_INFORMATION SHOWN_:

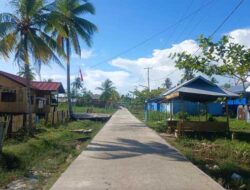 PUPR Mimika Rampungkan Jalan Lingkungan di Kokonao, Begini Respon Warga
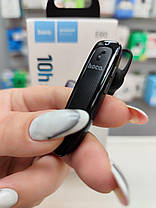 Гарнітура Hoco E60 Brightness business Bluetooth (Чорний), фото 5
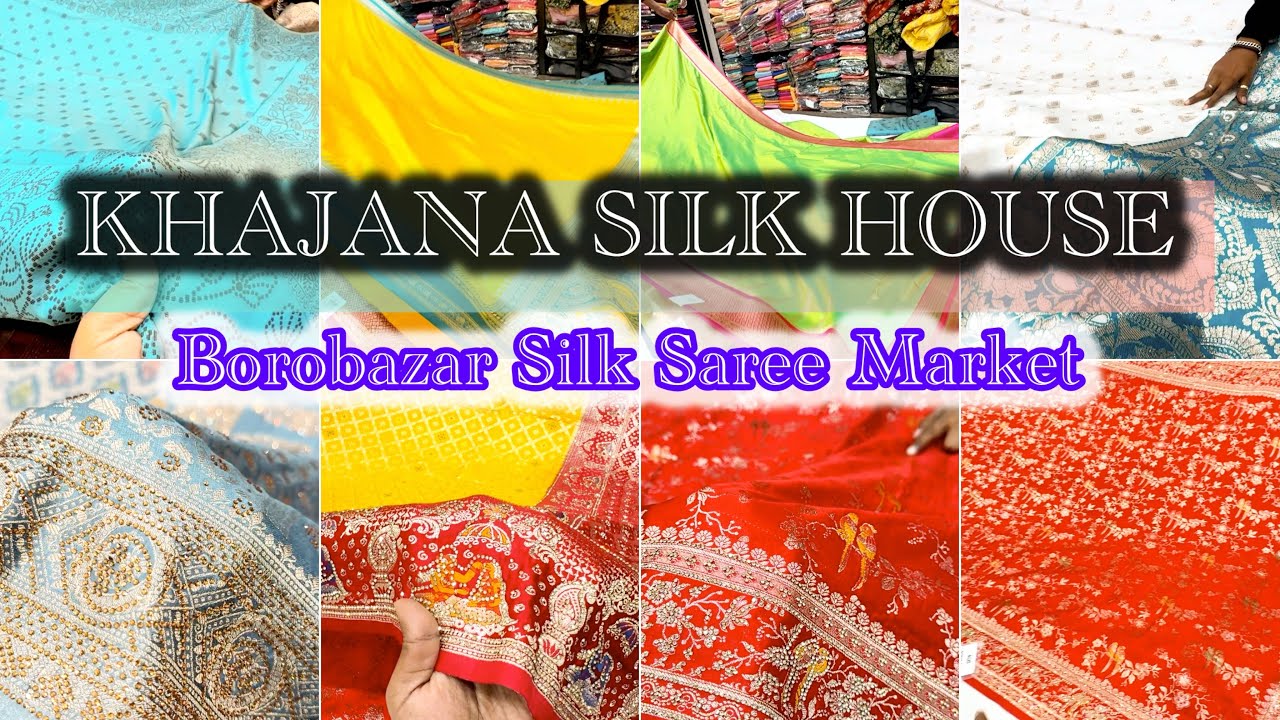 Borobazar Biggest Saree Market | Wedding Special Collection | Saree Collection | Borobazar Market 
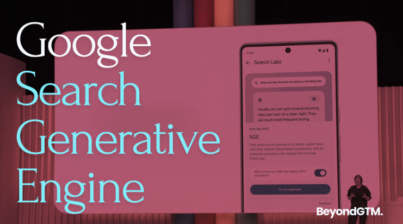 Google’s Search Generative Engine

_WORK INSTRUCTION_:
Full copy, no pictures: write out each line of the data exactly as it stands.

_THE COMPLETED TASK_:
 PUPR Mimika Rampungkan Jalan Lingkungan di Kokonao, Begini Respon Warga
 Гарнітура Hoco E60 Brightness business Bluetooth (Чорний), фото 5
 Borobazar Biggest Saree Market | Wedding Special Collection | Saree Collection | Borobazar Market 
 Google’s Search Generative Engine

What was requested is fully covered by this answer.